I used randomForest to classify 6 animal behaviours (eg. Standing, Walking, Swimming etc.) based on 8 variables (different body postures and movement).
The MDSplot in the randomForest package gives me this output and I have problems in interpreting the result. I did a PCA on the same data and got a nice seperation between all the classes in PC1 and PC2 already, but here Dim1 and Dim2 seem to just seperate 3 behaviours. Does this mean that these three behaviours are the more dissimilar than all other behaviours (so MDS tries to find the greatest dissimilarity between variables, but not necessarily all variables in the first step)? What does the positioning of the three clusters (as e.g in Dim1 and Dim2) indicate? Since I'm rather new to R I also have problems plotting a legend to this plot (however I have an idea what the different colours mean), but maybe somebody could help? Thanks a lot!!
I add a plot made with the ClassCenter function in RandomForest. This function also uses the proximity matrix (same as in the MDS Plot) for plotting the prototypes. But just from looking at the datapoints for the six different behaviours, I can't understand why the proximity matrix would plot my prototypes as it does. I also tried the classcenter function with the iris data and it works. But it seems like it doesn't work for my data...
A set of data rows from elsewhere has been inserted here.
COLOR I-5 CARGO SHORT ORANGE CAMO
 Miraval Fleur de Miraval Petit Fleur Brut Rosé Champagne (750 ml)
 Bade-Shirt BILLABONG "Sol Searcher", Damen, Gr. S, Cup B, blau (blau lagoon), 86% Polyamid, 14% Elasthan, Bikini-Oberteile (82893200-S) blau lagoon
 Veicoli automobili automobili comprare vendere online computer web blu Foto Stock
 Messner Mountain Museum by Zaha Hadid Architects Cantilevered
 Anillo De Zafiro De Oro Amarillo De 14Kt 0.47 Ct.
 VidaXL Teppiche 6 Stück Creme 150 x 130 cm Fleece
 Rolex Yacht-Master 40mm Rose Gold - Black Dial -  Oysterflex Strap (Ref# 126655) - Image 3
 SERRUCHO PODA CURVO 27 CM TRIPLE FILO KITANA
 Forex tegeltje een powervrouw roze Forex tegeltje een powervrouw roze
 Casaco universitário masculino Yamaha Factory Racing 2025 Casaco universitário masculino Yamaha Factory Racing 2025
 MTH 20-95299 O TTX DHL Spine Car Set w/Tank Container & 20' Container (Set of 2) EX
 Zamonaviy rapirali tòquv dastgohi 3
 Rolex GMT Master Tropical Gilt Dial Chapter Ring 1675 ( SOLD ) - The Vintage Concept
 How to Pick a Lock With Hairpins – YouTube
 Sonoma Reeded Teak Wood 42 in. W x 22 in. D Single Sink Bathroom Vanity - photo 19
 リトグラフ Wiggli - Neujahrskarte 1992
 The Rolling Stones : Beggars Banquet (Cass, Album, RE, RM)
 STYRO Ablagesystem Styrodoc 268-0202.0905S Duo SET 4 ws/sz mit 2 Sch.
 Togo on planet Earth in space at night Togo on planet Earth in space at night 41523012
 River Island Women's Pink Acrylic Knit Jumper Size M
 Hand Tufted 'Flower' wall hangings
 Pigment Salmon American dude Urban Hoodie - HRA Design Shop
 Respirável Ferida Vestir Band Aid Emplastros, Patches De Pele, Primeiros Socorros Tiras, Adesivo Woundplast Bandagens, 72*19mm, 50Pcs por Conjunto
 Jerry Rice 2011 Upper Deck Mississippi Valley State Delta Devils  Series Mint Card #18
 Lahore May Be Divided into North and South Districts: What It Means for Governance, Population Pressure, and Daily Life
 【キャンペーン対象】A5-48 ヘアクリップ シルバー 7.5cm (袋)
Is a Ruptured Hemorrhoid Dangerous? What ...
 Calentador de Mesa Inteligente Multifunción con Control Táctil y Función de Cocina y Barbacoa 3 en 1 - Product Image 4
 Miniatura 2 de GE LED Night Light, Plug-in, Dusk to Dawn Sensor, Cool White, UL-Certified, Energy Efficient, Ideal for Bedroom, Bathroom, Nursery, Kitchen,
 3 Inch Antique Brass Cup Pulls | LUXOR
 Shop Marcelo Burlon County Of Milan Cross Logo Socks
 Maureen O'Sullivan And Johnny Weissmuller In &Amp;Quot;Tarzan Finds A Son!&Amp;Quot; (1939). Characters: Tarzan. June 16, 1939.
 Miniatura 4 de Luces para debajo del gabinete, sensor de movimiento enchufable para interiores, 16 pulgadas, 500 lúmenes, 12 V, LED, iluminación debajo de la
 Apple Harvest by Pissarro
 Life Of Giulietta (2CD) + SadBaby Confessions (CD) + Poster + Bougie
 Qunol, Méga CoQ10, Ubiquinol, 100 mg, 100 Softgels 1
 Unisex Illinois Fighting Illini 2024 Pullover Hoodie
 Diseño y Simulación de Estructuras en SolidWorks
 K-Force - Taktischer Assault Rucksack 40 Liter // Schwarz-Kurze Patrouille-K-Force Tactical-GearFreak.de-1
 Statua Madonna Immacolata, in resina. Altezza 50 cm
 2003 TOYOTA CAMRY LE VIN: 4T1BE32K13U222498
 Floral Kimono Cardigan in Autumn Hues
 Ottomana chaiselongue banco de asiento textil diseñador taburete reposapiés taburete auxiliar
Here is the code I used for this plot
be.rf <- randomForest(Behaviour~., data=be, prox=TRUE, importance=TRUE)
class1 <- classCenter(be[,-1], be[,1], be.rf$prox)
Protoplot <- plot(be[,4], be[,7], pch=21, xlab=names(be)[4], ylab=names(be)[7], bg=c("red", "green", "blue", "yellow", "turquoise", "orange") [as.numeric(factor(be$Behaviour))])
points(class1[,4], class1[,7], pch=21, cex=2, bg=c("red", "green", "blue", "yellow", "turquoise", "orange"))
My class column is the first one, followed by 8 predictors. I plotted two of the best predictor variables as x and y.